__Exercise details__
Match on the string "Limited" in the entries below and return every matching line.

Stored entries
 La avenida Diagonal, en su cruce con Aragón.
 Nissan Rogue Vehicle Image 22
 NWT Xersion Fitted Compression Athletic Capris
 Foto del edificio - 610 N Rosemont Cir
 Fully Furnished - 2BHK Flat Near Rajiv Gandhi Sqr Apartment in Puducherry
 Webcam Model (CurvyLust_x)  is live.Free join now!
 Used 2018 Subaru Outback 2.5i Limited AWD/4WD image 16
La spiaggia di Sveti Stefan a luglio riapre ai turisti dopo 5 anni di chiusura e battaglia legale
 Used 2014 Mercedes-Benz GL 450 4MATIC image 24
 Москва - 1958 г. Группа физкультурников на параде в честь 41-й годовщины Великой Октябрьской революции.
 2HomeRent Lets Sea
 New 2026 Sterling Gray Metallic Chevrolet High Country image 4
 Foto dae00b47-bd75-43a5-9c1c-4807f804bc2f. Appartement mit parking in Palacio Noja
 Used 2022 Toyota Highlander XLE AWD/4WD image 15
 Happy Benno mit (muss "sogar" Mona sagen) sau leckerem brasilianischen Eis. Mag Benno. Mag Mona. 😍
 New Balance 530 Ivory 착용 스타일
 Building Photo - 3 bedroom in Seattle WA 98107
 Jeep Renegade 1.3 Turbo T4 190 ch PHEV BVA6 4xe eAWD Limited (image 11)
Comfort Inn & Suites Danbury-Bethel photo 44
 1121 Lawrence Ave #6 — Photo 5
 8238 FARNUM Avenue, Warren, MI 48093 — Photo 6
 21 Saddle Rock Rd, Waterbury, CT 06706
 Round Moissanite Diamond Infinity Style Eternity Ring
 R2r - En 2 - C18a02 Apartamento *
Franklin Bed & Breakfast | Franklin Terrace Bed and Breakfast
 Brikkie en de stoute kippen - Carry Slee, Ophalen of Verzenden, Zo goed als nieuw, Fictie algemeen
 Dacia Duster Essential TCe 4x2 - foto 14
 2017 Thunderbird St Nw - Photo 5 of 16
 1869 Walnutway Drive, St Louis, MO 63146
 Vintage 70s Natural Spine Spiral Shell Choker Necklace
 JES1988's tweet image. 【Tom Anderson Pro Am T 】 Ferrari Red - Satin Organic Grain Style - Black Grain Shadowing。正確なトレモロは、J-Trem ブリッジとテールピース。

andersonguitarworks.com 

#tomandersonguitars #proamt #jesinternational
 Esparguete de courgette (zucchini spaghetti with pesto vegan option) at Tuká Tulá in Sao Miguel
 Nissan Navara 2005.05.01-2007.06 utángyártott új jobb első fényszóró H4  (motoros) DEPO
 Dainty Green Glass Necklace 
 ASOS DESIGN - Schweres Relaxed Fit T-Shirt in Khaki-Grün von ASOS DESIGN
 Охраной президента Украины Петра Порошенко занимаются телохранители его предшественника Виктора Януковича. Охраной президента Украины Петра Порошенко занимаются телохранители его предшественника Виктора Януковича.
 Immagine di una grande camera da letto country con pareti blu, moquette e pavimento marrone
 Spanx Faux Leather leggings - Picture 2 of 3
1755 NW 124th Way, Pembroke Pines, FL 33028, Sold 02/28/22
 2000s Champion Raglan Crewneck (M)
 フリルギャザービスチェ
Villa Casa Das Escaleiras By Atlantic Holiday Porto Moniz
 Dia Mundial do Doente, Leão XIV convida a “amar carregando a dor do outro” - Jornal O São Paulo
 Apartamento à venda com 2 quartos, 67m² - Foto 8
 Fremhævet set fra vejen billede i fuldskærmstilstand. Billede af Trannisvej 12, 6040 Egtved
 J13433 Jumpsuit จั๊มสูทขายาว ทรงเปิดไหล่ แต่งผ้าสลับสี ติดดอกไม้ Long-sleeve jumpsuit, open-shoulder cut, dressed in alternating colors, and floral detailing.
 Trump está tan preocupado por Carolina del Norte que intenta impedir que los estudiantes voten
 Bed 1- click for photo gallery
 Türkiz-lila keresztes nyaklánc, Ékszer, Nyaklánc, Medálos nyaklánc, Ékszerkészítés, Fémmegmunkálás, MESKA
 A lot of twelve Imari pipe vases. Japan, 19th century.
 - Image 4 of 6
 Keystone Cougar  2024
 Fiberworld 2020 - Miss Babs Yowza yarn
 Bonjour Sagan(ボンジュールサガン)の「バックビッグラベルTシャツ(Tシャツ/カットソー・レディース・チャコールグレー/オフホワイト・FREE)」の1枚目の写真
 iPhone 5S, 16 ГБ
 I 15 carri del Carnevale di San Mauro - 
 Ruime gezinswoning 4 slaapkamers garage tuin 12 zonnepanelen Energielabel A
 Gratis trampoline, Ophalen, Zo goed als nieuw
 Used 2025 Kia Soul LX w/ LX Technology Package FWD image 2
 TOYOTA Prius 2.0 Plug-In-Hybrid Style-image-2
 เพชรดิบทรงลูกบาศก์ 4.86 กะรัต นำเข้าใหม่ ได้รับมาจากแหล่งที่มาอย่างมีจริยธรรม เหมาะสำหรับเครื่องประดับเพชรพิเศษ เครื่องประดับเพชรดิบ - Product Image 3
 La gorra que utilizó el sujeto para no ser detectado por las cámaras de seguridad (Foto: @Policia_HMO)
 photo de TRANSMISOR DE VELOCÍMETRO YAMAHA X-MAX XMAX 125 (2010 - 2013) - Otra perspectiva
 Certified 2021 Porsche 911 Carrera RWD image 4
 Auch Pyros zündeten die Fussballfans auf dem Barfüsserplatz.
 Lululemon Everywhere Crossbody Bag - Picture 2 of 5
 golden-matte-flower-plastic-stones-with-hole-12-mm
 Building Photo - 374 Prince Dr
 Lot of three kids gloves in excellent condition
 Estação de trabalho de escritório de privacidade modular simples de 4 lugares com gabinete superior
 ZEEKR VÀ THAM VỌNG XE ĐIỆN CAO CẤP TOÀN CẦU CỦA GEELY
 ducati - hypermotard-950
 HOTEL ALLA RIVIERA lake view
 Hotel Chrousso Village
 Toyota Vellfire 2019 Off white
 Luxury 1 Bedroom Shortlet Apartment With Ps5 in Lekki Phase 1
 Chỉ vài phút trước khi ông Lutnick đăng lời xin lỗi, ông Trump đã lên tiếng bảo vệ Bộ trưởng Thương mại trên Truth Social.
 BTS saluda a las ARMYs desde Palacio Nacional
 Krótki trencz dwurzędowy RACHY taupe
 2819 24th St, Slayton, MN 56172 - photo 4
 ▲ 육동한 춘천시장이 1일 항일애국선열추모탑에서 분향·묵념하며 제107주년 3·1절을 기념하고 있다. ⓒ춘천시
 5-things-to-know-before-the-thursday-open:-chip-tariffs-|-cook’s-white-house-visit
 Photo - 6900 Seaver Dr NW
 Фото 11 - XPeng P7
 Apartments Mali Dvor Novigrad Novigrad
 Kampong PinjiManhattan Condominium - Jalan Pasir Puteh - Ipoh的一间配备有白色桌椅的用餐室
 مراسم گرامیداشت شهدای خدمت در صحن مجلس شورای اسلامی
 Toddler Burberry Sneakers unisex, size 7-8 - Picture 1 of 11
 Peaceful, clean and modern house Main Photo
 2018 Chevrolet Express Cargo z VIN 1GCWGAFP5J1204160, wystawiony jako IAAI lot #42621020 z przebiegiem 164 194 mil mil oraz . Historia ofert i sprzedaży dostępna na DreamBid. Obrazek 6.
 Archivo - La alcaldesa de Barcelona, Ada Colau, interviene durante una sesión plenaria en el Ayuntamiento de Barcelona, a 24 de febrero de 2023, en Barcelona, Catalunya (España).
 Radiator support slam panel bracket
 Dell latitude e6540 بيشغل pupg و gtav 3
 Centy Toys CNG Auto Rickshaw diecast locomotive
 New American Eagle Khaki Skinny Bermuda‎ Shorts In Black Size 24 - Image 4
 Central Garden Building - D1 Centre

__Answer area__
 Used 2018 Subaru Outback 2.5i Limited AWD/4WD image 16
 Jeep Renegade 1.3 Turbo T4 190 ch PHEV BVA6 4xe eAWD Limited (image 11)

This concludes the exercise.